Okay, actually ordered it from Jon two days ago and it arrived to work today. I just did not want to post that I got two cleavers in one week. That would be wrong. 

I have been cutting onions, jalepeno's and chicken and have not noticed it being any more reactive than any other carbon, probably less so. The curve is not as big of a deal as I thought it would be. It rises approx 5 mm from the center of the curve to the tip and only about 3-4mm to the heel from the center. There is pretty good taper starting at 2.5mm at the heel to approx 1.25mm at the tip. The knife comes in at 420g, but does not feel unwieldly. I think this could be the beginning of a beautiful relationship.


----------



## kalaeb (Feb 29, 2012)

Andy777 said:


> Well that's no good. :curse: I think as it isn't the same as the specs on the link you could send it back and maybe make them refund all shipping etc. That's total bunk. Oh well.

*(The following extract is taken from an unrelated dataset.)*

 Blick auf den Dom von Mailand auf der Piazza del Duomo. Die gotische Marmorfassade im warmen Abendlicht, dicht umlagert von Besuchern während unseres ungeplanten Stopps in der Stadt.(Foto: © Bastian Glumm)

Its not bad, and not a total bunk, I will still be able to find some use for it, lemon whacker if nothing else.


----------



## mr drinky (Feb 29, 2012)

kalaeb said:


> I think something may have changed, thats what I ordered, but got a stainless one instead, the one I got is 205mm X 100mm. 2.5 mm at the heel and 2mm at the tip. Not much taper, flat grind. Comming in at 403g. The fit and finish is surprisingly good, much better than the CCK and substiantially more than I would expect from a 20 dollar knife.
> 
> Here is a poor cell phone pic:
> 
> ...



Hmmm, I will have to see what I get in the mail. I went searching the inter webs and found this box of 12 for $254. Is that the same knife? 

k.


----------



## heirkb (Feb 29, 2012)

If it's the same knife, I'll get in on one of those 12 if someone wants to do a group buy


----------



## mr drinky (Feb 29, 2012)

heirkb said:


> If it's the same knife, I'll get in on one of those 12 if someone wants to do a group buy



On the same site they have this item, which is the same product number as the one kalaeb got, so the other knife might be different. I'd probably call them and have them open the box to check though. 

k.


----------



## heirkb (Feb 29, 2012)

mr drinky said:


> On the same site they have this item, which is the same product number as the one kalaeb got, so the other knife might be different. I'd probably call them and have them open the box to check though.
> 
> k.



The one that is pictured in your first link has the same product code as the knife that Andy linked to (and Kalaeb didn't get, since they sent him something else). I wonder if something's up with the site that Andy linked to. 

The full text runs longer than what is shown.